### [What the task requires]
Retype, without changes, every line from the line that contains "The Cubs mourn" through the final line of the records. Exclude pictures.

Entries taken from a collection
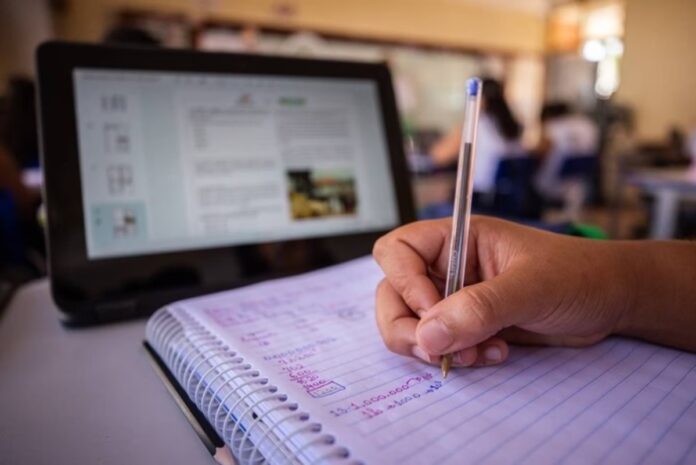 Ministério da Educação cria projeto para proibir celulares em sala de aula; Entenda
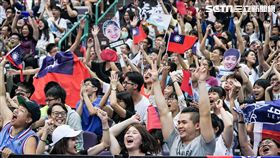 0826世大運女籃中華隊、澳洲，觀眾熱情拿國旗加油　圖／記者林敬旻攝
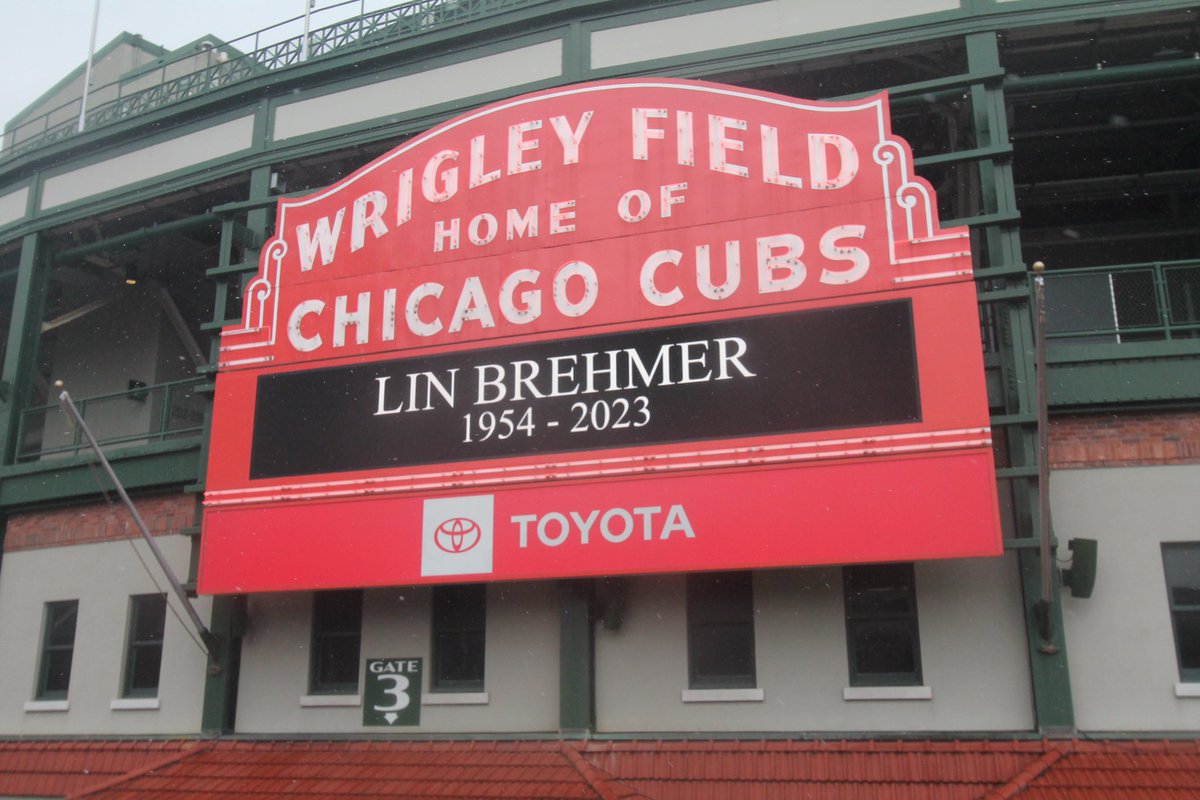 The Cubs mourn the passing of legendary Chicago radio personality and lifelong Cubs fan Lin Brehmer.

We send our condolences to his family and friends.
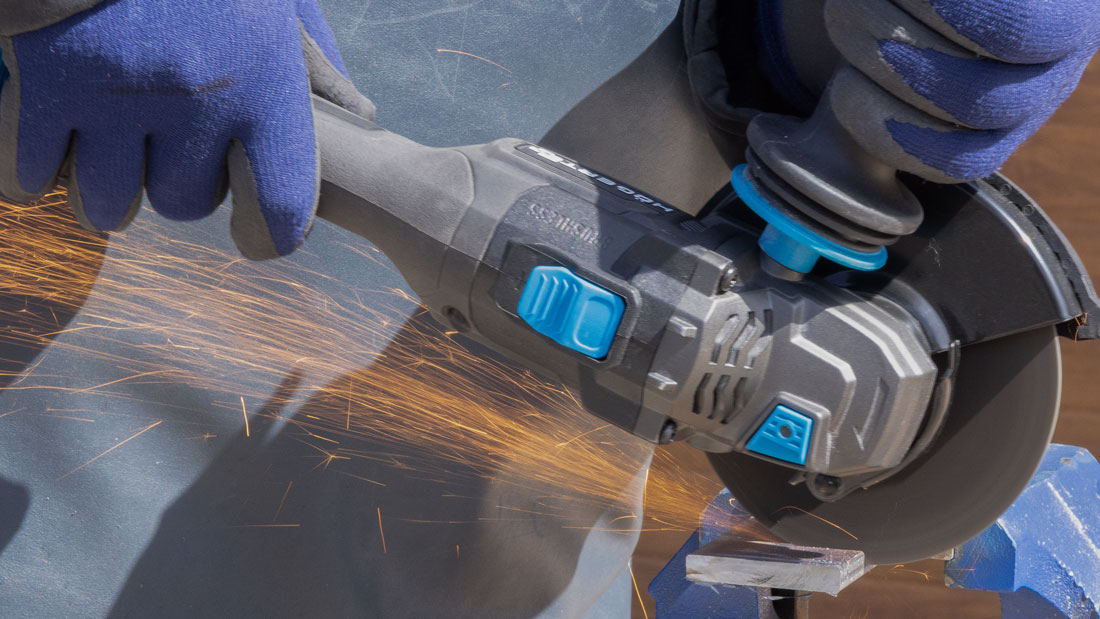 Akumulatorowa szlifierka kątowa Högert Technik HT2E282-B24AG – cięcie profilu stalowego tarczą ścierną, widoczne iskry podczas pracy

### [Response to this exercise]
 The Cubs mourn the passing of legendary Chicago radio personality and lifelong Cubs fan Lin Brehmer.

We send our condolences to his family and friends.
 Akumulatorowa szlifierka kątowa Högert Technik HT2E282-B24AG – cięcie profilu stalowego tarczą ścierną, widoczne iskry podczas pracy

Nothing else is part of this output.